Welcome to Cichlid-forum!

A 15 gallon tank is not going to be big enough to house a cichlid from Malawi. Even if it was, Malawi cichlids do not pair, they are harem breeders and need many females for every male. When kept in pairs, the female is likely to be killed by the male.

The smallest tank I would try for yellow labs would be 29G that is at least 30" long and I'd put at 1m:4f in the tank. Full-size (6") mbuna would need a 48" tank.

A 15 gallon tank would be nice for shellies from Lake Tanganyika or possibly for some cichlids from somewhere outside the African Rift Lakes.

Ordering fish online works great.


----------



## ridley25 (Jan 5, 2008)

I have a 15 gallon for my Multies - great size for a great fish. Not as colourful, but fiesty without all the killing.

kevin


----------



## rob91 (Jan 8, 2010)

thanks guys i thought it would be a bit small for the labs and convicts ill have to get a bigger tank  them multis sound interesting do you know anywhere online i could get them that would deliver to tasmania?


----------



## ridley25 (Jan 5, 2008)

Yikes! Tasmania may make things a little more difficult. I got mine at a small Local Fish Store, as chain stores tend to not carry them. Not colourful = not easy to sell. If someone on Tasmania has mutlies, that person has too many multies. Try craigslist or a similar online trading post to find out.

I paid around $1o each (Canadian) for mine.

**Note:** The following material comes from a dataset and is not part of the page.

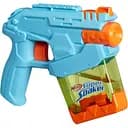 Бластер іграшковий водний Hasbro Nerf Super Soaker Mini Dunk-Fill (G0993)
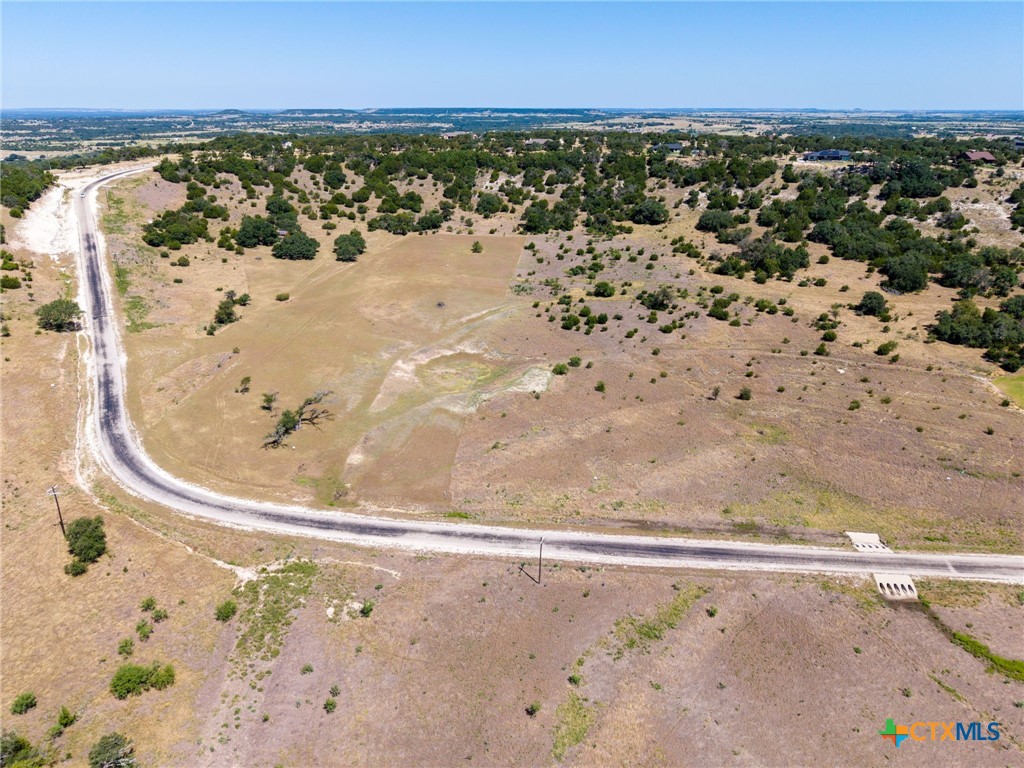 Lot 49 Cottonwood Mesa, Kempner, TX 76539 — photo 1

Here's a list of clubs just North of you. Maybe some of the members may know of keepers in your area:
http://www.cichlid-forum.com/clubs/?Cou ... Country=GO

kevin


----------



## rob91 (Jan 8, 2010)

I have got in contact with my local fish shop and they are going to email me a stock order list when they do an order for me to pick from so could be getting some multi's soon if i decide to go with them as they sound like very interesting fish


----------



## ridley25 (Jan 5, 2008)

Great news! Here's the build thread for mine: http://www.cichlid-forum.com/phpBB/view ... c&&start=0

Start looking now for shells - escargot shells are the cheapest and most available - usually from a big grocery store.

I mixed sand and crushed coral. If I could do it again I would just use sand.

I started with six sub-adults and guessed on their sex. I think I got 2 males and 4 females, so lucky me. I've only had one territorial problem and it lasted only 2 weeks. All six get along fine, and of course they breed like crazy. I have 12 now with 6 more fry that look big and healthy enough to make it.

kevin


----------